Thursday, April 14, 2011

Week In Review

State Capitol Week in Review



LITTLE ROCK – The 2011 regular session of the legislature finished its business on April 13. That was 94 calendar days after it began.


Technically the legislature is in recess until April 27, when lawmakers will return to the Capitol to adjourn sine die. Then the 2011 session will be officially over and the legislature cannot reconvene unless the governor calls a special session.


If there is no special session the legislature will next convene in February of 2012 for a fiscal session. The agenda for the fiscal session will have mostly budget bills to fund the operations of state agencies. During last year's fiscal session the legislature considered only two bills that were not appropriations.


During the 2011 regular session the legislature enacted 1,241 new laws. The first bill to become law this year was for the expenses of the Arkansas Senate. The final bill enacted creates new boundaries for the four Congressional districts in Arkansas.


Several hundred of the new acts are appropriations that authorize spending by public schools, colleges, universities, state agencies, regulatory boards and commissions.
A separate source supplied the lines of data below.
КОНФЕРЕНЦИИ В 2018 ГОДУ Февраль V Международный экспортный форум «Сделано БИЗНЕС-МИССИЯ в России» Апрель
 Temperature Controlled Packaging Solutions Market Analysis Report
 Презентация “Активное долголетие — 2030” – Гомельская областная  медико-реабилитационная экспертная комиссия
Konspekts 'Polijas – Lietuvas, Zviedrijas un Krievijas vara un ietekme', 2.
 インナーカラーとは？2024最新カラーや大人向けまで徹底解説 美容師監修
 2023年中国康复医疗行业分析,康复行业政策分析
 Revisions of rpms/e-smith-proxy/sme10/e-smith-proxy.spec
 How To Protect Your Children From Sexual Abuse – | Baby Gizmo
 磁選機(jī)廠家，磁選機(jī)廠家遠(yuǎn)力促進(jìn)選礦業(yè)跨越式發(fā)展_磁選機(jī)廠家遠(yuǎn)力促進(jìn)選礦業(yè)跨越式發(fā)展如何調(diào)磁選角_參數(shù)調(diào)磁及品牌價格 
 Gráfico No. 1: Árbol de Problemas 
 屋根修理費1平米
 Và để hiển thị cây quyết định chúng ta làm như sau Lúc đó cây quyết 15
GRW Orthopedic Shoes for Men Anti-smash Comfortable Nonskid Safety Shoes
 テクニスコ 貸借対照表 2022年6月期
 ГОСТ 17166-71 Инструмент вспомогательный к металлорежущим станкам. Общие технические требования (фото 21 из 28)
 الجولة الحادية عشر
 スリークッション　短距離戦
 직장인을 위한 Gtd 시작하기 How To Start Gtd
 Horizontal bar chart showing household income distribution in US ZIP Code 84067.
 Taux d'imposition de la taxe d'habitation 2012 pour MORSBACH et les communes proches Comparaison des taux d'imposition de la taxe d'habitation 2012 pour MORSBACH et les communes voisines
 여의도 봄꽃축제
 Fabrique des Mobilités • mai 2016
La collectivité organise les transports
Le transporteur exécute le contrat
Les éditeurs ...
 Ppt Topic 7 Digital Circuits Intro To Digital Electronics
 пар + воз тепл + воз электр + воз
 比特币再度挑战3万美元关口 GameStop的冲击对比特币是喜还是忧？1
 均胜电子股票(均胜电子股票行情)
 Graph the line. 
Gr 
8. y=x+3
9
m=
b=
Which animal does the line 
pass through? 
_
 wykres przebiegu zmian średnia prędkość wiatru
There are various types of appropriations - some authorize a single expenditure for a capital project, some provide a one-time grant and some pay for ongoing expenses.


About 225 appropriations authorize spending for state agency expenses, such as salaries, utility bills and supplies.


The largest single account over which the legislature has full authority is the General Revenue Fund of almost $4.6 billion a year. It will pay for public education and state agency budgets for the fiscal year that begins July 1.


Public education from kindergarten through grade 12 will get an additional $56 million next year, bringing the total of state aid to local schools to about $1.94 billion.


State prisons, parole and probation, halfway houses, drug courts and work release will get an increase too. The Correction Department will get $6.4 million in additional funding. Its operating budget will be $297 million. The Department of Community Correction will get $4 million more and its budget will be $70 million.


The Correction departments will get state dollars for buildings, drug abuse treatment, training and education of inmates. In addition to tax revenue they generate income from prison farms and prison industries.


State funding of human services and higher education will be slightly higher, but any funding increases will be virtually flat after accounting for greater expenses that will be incurred next year.


State employees will not get a cost-of-living raise next year. Appropriating tax dollars, "the power of the purse strings," is the responsibility of the legislature under the Constitution. Legislative committees will meet on a regular basis in the interim until next year's fiscal session, and the specific duty of many of those committees is to monitor executive branch agencies to make sure that they spend tax dollars as directed by their appropriations.


Now that the session is over, these committees and subcommittees will continue to keep an eye on state government spending: Legislative Council, Joint Performance Review (JPR), Performance Evaluation and Expenditure Review (PEER), Legislative Audit, Rules and Regulations, Personnel and Review.